Saturday, December 31, 2011
For today’s blog, I write a letter to 2011 – since it has no physical address, I’ll share my letter with you here :)
“No mud, no lotus.”
-Thich Nhat Hanh
You were the best of times, you were the worst of times. You were a rollercoaster year more than any other in recent memory. Personally and globally, you were tumultuous, full of challenges as well as much celebration and joy, and much to be grateful for.
I can’t say I’m sorry to see you go. The last few months you really dealt me some blows, and all I can really say is that I got through them. I am getting through them. And certainly, the blows could always be bigger. They could always be harder. But I didn’t receive anything I couldn’t handle.
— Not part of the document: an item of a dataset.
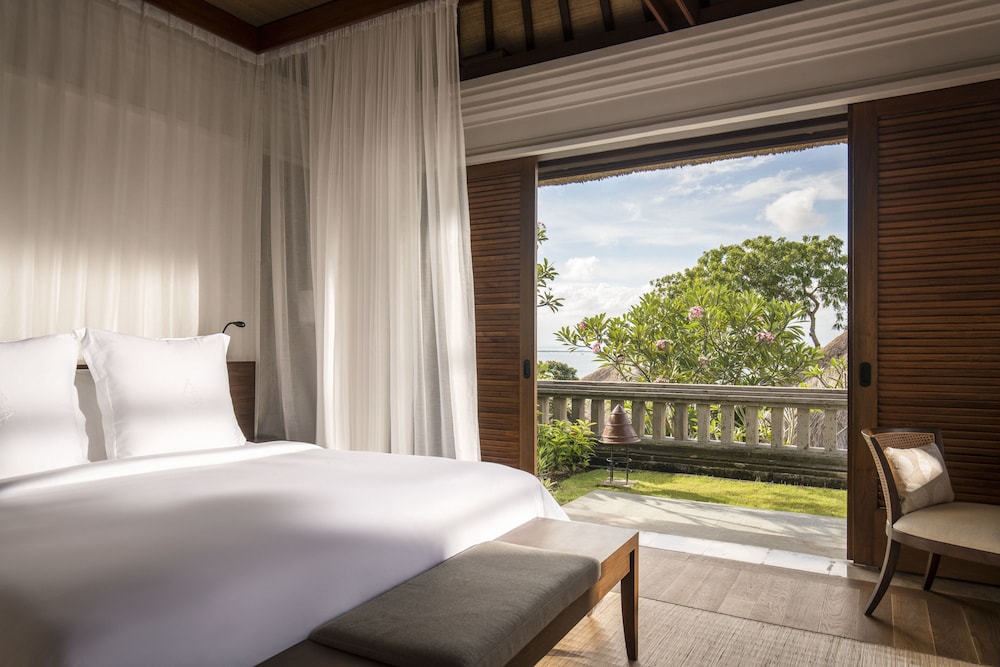 GARDEN, VILLA, KING BED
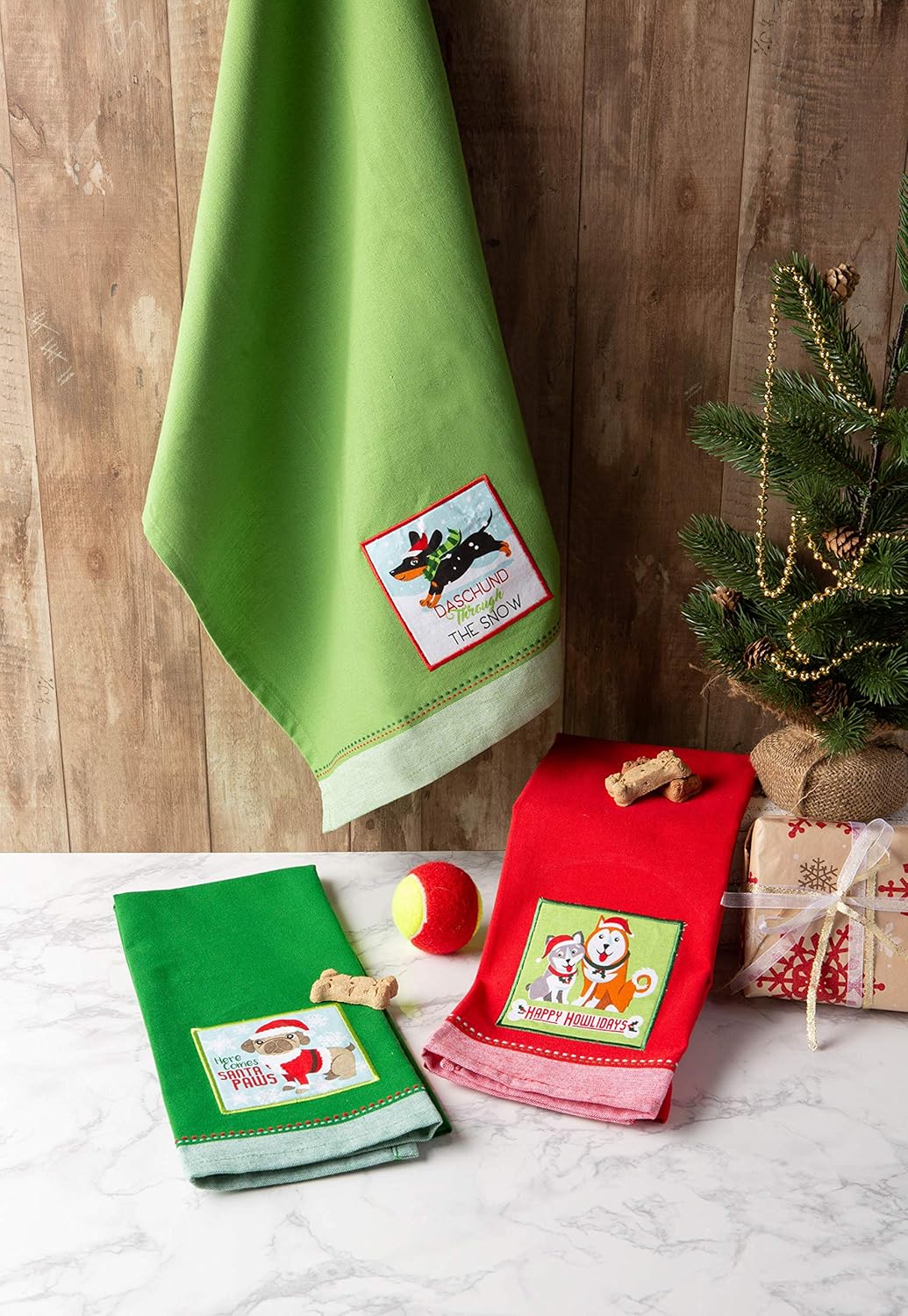 Cozy Holiday Kitchen Towels for Dog and Cat Lovers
The highlights of 2011 were really the most simple things, and perhaps you reminded me that this is what life is really about – being reunited with my husband after long months of separation, being able to celebrate our marriage with loved ones, receiving many visitors to our new home in San Diego. After living abroad for many years, 2011 was full or reconnection with friends and family – both in physical time and space, and also through this project (My Year of Letters). I cherish these moments and hope that 2012 brings many more.
In the challenges, you reminded me that everything changes – that nothing is stable, nothing is to be taken for granted, and that anything can be taken away in a moment. I lost my job, and we were frighteningly close to losing my dad. You reminded me of the everchanging fragility of life, of impermanence. Through these challenges, you reminded me to surrender, to accept what is. I will try to remember this as I move into 2012.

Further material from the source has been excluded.